Gambling Machine Tax Hike doesn’t Address Social Impact

UK 5The Guardian – In the budget, George Osborne reduced the tax burden on land based bingo halls and raised it for betting shop fixed odds betting terminals (FOBTs). Two gambling sectors treated very differently. The basis of this tax hike on FOBTs, as Osborne put it, was to “bring their profitability more in line with other gaming machines on the high street.”

The chancellor has underestimated the disparity between FOBTs and other gaming machines. It is far bigger than a 5% tax adjustment can address. In 2013 FOBTs – or “B2” gaming machines as they are categorised – generated more than £1.5bn of gross revenue for the betting sector. This represents 51% of its entire profits, more than the sector made from its core business of racing and sports betting.
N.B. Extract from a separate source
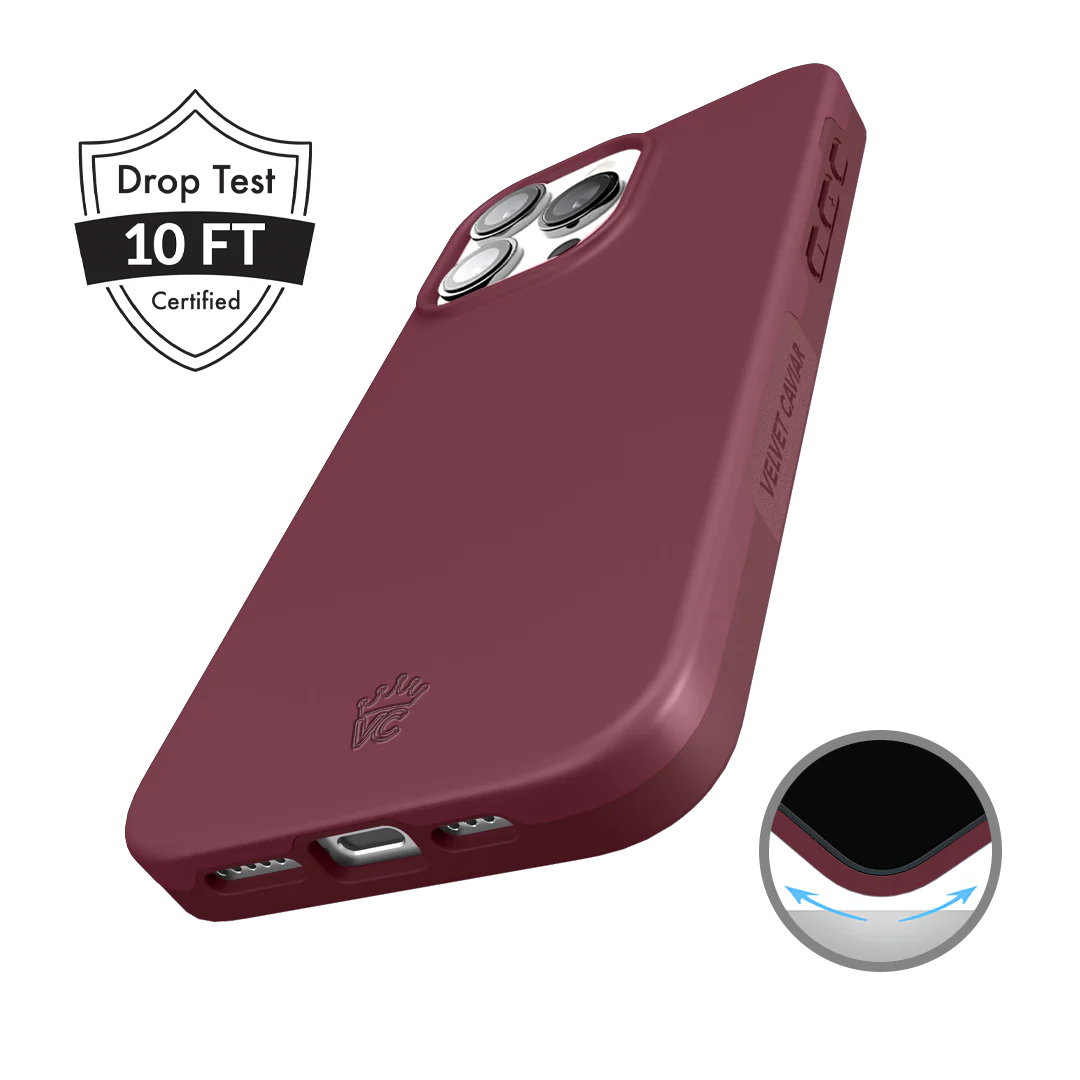 Product image 100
Yet, FOBTs are an ancillary product in “betting” shops, just as they are in bingo halls and casinos. Of all gaming machines operating across casinos, bingo halls and adult gaming centres in the UK last year, betting shop FOBTs accounted for 67% of all revenue. According to the Gambling Commissions’ 2012/13 annual report, FOBTs accounted for nearly £1 out of every £3 in profit generated by all UK land based gambling sectors.
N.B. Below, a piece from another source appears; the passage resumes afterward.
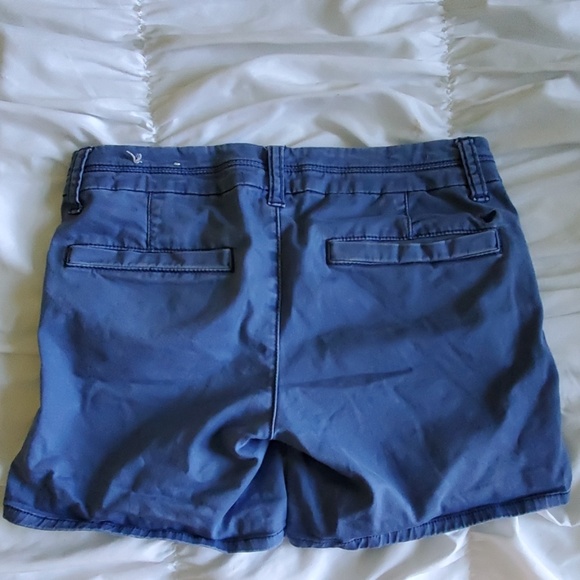 Short - Picture 2 of 3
After Osborne’s additional tax is deducted, a single FOBT will still generate £35,000 per year of profit for the bookmakers while a bingo hall gaming machine will gross just £5,394 after tax.

How does a single, touch screen, electronic gaming machine – in just 12 years – rise to these staggering levels of profitability, pushing traditional fruit machines and slot machines out of the way to dominate high street gambling?

The answer: take an addictive casino table game – roulette – put it into an electronic video format, speed it up to five times faster, site it in an easily accessible high street cash-orientated venue and you have, as the bookmakers have found, an easy and guaranteed revenue stream and one that continues to grow.